Trump Leads Searches, Social Interest Following Debates

Google tracked the candidates drawing the most search interest throughout the Thursday night Republican GOP presidential debate. Trump led following weeks of being the most-searched presidential candidate. Lesser-known Ben Carson came in second at the end of the debate, and Sen. Ted Cruz also briefly topped search interest in the beginning.

During the debate, the top five 2016 candidates by searches were Donald Trump, Ben Carson, Ted Cruz, Jeb Bush and Marco Rubio. In the past 24 hours, Cruz spiked in searches Thursday night at 6:16 GMT, but overall Trump held the lead as the notable wildcard as a businessman and entrepreneur.

While the majority of searches for "Donald Trump" during the past 24 hours occurred in New Jersey, as of 10:30 a.m. PDT, interest from those in New York was not far behind. Alabama followed. Massachusetts, Florida, Pennsylvania, and District of Columbia rounded out the top seven. Paul dominated searches in Kentucky, with Bush and Rubio leading in District of Columbia, and Cruz in Alabama.

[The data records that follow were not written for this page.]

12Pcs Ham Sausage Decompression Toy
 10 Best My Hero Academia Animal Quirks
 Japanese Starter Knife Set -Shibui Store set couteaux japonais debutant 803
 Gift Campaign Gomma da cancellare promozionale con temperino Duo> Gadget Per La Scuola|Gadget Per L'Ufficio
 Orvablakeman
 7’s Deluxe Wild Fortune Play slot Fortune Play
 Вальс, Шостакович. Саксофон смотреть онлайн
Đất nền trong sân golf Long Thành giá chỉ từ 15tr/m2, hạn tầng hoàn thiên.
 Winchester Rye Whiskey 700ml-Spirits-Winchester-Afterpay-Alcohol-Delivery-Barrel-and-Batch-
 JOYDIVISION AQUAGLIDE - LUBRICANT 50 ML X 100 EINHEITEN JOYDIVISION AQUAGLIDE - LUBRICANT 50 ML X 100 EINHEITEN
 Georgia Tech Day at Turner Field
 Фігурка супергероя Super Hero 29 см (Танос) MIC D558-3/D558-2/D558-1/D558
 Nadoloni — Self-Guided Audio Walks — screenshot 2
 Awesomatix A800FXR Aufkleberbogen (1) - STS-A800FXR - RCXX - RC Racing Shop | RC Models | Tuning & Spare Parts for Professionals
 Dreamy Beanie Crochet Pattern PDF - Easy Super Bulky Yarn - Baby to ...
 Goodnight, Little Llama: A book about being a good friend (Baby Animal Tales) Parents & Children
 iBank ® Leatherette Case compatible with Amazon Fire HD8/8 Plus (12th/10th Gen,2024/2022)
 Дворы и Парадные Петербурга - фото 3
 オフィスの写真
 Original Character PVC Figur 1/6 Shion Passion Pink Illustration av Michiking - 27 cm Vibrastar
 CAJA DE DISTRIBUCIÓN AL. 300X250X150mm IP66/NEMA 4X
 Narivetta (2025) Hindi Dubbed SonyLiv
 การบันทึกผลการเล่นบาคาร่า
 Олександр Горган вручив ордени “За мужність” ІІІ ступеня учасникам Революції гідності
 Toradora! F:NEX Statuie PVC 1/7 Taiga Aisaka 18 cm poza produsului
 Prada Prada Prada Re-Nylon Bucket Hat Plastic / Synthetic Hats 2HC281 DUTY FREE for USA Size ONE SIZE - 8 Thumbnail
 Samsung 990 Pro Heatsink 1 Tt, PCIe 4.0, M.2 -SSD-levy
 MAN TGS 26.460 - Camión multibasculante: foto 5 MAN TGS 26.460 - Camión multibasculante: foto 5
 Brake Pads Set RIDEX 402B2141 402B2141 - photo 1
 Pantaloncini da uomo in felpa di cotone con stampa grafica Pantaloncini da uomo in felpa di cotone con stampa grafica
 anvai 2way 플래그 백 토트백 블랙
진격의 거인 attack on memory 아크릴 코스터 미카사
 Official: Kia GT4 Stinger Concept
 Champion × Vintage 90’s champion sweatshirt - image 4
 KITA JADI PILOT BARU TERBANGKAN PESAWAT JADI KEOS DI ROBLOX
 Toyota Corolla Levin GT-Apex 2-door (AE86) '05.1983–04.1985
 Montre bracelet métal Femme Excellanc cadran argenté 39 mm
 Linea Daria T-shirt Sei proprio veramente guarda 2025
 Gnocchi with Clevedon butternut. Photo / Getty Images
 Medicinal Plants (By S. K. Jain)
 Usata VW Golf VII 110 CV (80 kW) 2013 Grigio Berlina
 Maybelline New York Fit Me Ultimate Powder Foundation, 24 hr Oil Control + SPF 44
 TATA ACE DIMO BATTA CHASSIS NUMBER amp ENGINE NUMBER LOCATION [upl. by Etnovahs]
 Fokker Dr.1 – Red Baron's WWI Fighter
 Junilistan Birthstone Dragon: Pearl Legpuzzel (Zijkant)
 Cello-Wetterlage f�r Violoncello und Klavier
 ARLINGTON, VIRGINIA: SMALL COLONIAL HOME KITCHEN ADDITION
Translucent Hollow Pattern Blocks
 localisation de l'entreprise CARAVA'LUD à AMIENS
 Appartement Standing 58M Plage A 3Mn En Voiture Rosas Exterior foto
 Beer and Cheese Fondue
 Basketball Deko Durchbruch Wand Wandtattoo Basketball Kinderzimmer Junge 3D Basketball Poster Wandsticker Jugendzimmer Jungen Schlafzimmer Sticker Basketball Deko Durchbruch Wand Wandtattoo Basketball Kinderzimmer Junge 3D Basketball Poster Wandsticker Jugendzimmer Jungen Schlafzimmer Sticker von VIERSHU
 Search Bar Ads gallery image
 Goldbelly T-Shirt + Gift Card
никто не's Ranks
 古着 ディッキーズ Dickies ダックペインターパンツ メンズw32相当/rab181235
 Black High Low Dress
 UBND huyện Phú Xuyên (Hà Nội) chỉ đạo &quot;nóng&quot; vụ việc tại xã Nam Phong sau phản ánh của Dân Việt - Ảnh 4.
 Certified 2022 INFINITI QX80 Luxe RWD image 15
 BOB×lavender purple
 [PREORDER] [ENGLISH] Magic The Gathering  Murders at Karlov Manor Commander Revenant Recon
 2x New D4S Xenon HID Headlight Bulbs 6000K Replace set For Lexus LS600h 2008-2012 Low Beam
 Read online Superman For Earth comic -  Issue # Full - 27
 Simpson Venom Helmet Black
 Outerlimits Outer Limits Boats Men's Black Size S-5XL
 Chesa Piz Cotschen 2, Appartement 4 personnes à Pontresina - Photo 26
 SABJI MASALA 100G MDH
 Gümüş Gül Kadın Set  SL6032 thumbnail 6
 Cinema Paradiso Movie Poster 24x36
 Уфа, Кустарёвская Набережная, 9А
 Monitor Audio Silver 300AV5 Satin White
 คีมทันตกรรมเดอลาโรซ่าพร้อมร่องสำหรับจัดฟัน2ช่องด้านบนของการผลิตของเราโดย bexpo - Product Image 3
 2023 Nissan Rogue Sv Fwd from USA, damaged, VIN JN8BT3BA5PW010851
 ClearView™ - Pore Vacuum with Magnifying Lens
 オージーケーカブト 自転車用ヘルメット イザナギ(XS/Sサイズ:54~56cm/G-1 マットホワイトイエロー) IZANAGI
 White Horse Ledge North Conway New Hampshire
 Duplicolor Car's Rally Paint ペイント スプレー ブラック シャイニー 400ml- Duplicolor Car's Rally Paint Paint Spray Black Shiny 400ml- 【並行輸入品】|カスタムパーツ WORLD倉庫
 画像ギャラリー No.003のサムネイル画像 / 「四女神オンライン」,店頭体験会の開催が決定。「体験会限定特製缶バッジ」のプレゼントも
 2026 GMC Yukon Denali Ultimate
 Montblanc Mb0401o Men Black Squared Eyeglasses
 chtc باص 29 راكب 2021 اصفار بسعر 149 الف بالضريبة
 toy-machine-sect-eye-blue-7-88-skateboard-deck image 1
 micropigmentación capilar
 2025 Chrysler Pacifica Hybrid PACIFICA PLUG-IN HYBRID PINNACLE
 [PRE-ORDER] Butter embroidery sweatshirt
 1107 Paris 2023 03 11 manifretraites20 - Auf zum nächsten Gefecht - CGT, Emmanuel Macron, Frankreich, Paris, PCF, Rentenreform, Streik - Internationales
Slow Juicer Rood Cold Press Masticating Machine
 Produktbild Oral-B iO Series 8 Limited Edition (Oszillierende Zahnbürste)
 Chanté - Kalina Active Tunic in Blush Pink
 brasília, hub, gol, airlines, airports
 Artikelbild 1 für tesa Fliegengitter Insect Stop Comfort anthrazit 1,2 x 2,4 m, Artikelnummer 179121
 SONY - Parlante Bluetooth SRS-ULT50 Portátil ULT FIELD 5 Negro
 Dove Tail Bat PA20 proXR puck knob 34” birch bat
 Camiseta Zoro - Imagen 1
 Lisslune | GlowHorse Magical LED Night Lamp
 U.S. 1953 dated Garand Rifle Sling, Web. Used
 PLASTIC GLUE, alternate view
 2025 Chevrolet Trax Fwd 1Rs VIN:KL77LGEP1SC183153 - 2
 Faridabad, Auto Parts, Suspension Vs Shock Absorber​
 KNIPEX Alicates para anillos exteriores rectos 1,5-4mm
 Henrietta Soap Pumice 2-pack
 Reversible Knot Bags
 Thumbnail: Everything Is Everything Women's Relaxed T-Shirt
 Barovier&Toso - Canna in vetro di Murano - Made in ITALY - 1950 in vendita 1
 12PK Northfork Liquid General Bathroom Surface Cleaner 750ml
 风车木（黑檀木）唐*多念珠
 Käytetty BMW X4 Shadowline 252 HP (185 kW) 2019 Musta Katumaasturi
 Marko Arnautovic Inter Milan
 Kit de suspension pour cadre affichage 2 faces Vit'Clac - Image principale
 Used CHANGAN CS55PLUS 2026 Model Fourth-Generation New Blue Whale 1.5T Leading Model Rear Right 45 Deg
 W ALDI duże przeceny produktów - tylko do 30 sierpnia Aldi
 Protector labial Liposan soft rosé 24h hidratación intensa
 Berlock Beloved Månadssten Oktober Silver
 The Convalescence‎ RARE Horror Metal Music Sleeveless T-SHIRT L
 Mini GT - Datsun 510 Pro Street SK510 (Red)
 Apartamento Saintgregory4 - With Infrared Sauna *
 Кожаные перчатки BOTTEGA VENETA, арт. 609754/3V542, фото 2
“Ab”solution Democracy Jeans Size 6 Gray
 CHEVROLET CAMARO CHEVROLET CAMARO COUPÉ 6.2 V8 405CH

The general consensus on social media was that Carly Fiorina won the "happy hour debate," but the biggest takeaway was that Donald Trump dominated across the board in the Twitter conversation, receiving 363,000, or 26%, of the total mentions, according to uberVU data from Hootsuite.

Rand Paul came in second place with 153,000 or 23% of total retweets. Jeb Bush got 106,000 mentions, followed by Scott Walker at 102,000; Marco Rubio at 91,000; and Chris Christie at 77,000.

Hootsuite also tracked for sentiment, geographic distribution and key words and phrases on #GOPDebate and #FoxNews. 

No predictions, yet, from Microsoft Bing on the outcome of the election.